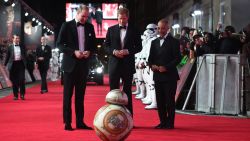 LONDON, ENGLAND - DECEMBER 12: (L-R) Prince William, Duke of Cambridge and Prince Harry attend the European Premiere of 'Star Wars: The Last Jedi' at Royal Albert Hall on December 12, 2017 in London, England.  (Photo by Eddie Mulholland - WPA Pool/Getty Images)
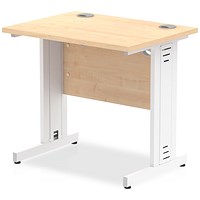 Impulse 800mm Slim Rectangular Desk, White Cable Managed Leg, Maple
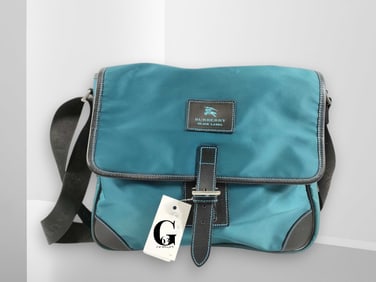 Burberry Black Label Teal Nylon Unisex Work/Messenger Bag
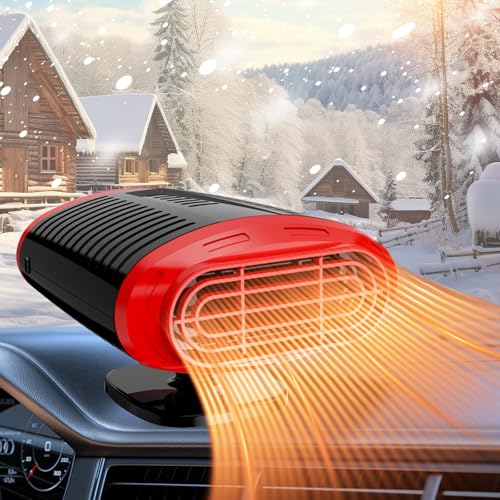 Portable 12V Car Heater, 2 in1 Fast Heating and Cooling Fan for Car Windshield Defogger Defroster, Plug-in Cigaerte Lighter Suitable for Vehicles Cars SUV (DEPS320)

* WHAT THE EXERCISE ASKS *
Retype the listing above exactly. Pictures are not part of the copy.

* ANSWER SPACE *
 LONDON, ENGLAND - DECEMBER 12: (L-R) Prince William, Duke of Cambridge and Prince Harry attend the European Premiere of 'Star Wars: The Last Jedi' at Royal Albert Hall on December 12, 2017 in London, England.  (Photo by Eddie Mulholland - WPA Pool/Getty Images)
 Impulse 800mm Slim Rectangular Desk, White Cable Managed Leg, Maple
 Burberry Black Label Teal Nylon Unisex Work/Messenger Bag
 Portable 12V Car Heater, 2 in1 Fast Heating and Cooling Fan for Car Windshield Defogger Defroster, Plug-in Cigaerte Lighter Suitable for Vehicles Cars SUV (DEPS320)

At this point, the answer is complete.